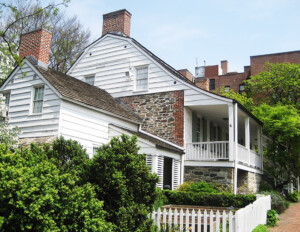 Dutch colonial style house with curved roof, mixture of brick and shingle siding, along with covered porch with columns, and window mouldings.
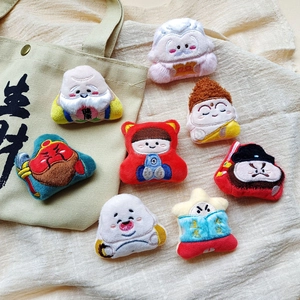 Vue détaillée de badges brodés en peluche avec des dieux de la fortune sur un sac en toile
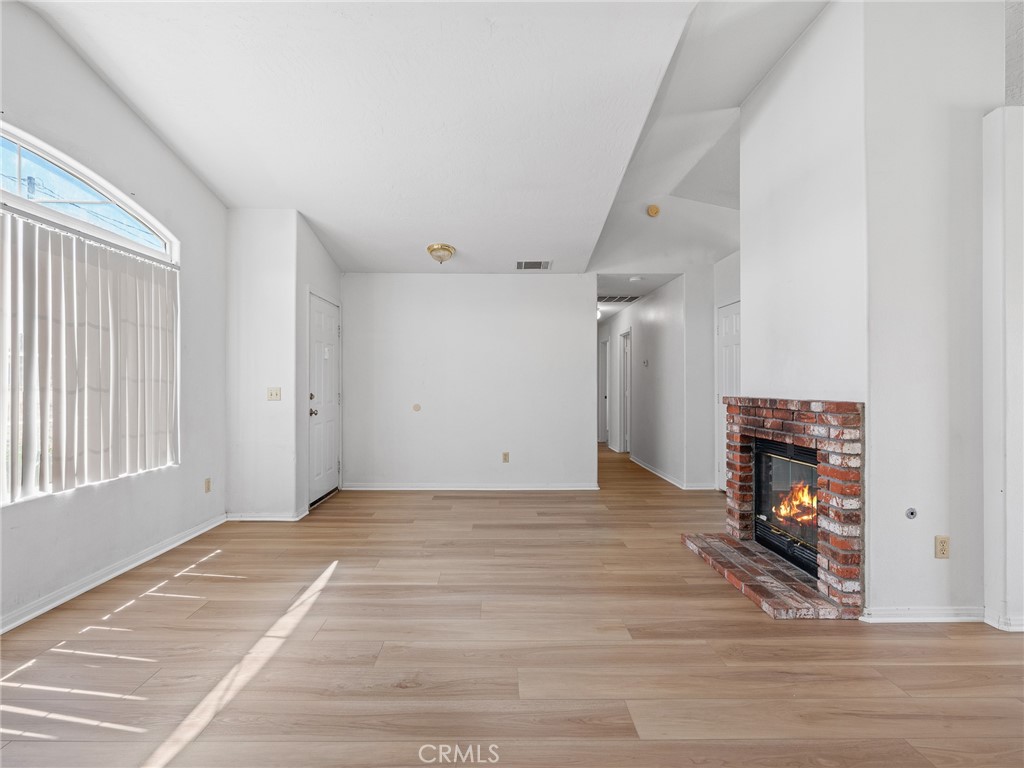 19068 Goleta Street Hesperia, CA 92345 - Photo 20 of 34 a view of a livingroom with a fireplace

---

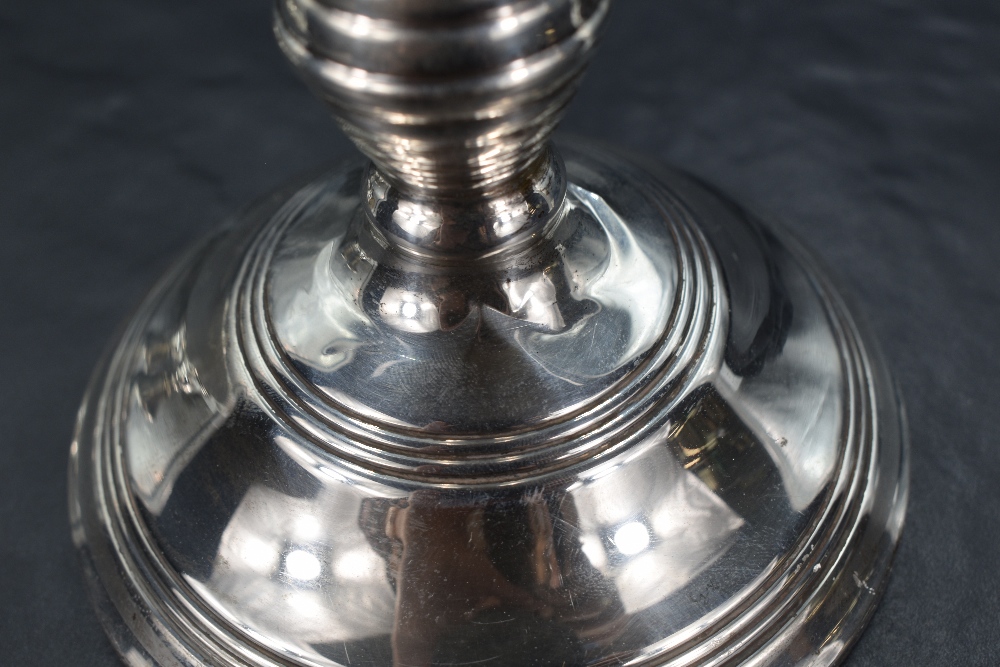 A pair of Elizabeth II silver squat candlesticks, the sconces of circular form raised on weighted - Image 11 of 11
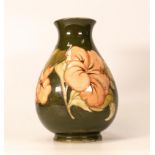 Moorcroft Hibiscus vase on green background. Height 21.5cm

...

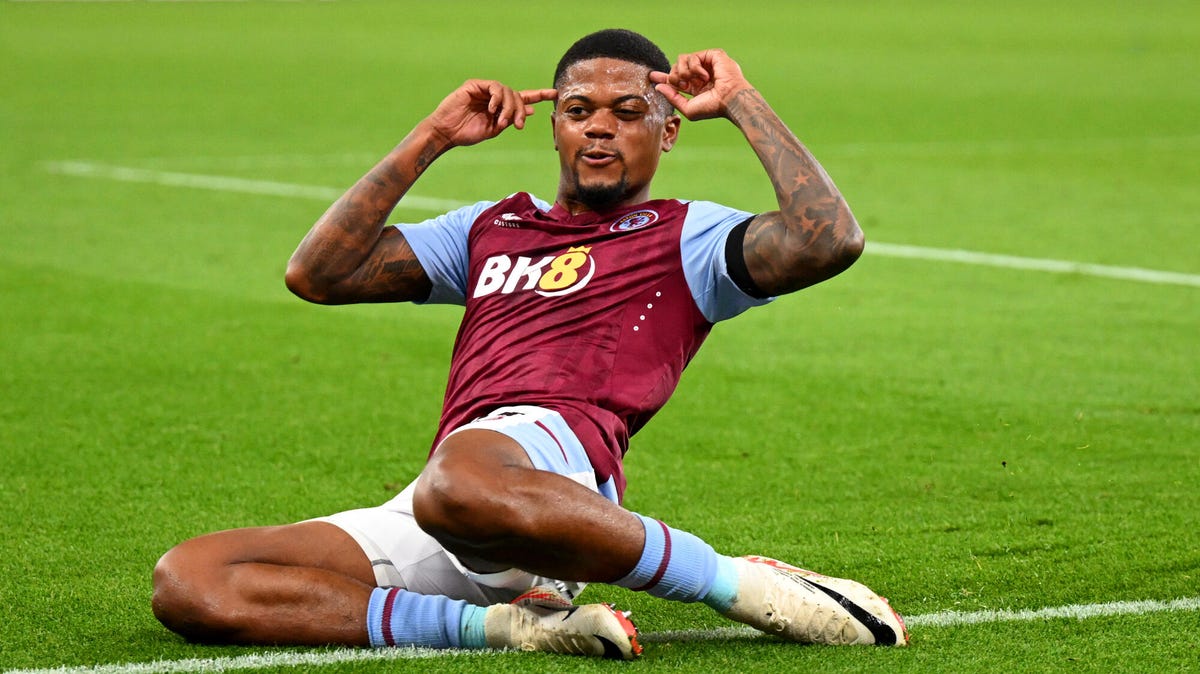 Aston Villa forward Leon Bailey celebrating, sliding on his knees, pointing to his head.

* _BRIEF_
What's needed is an exact copy of the lines above from the one with "Dutch colonial style" through the one with "19068 Goleta Street", both included; the pictures stay out.

* _SOLUTION TO THIS TASK_
 Dutch colonial style house with curved roof, mixture of brick and shingle siding, along with covered porch with columns, and window mouldings.
 Vue détaillée de badges brodés en peluche avec des dieux de la fortune sur un sac en toile
 19068 Goleta Street Hesperia, CA 92345 - Photo 20 of 34 a view of a livingroom with a fireplace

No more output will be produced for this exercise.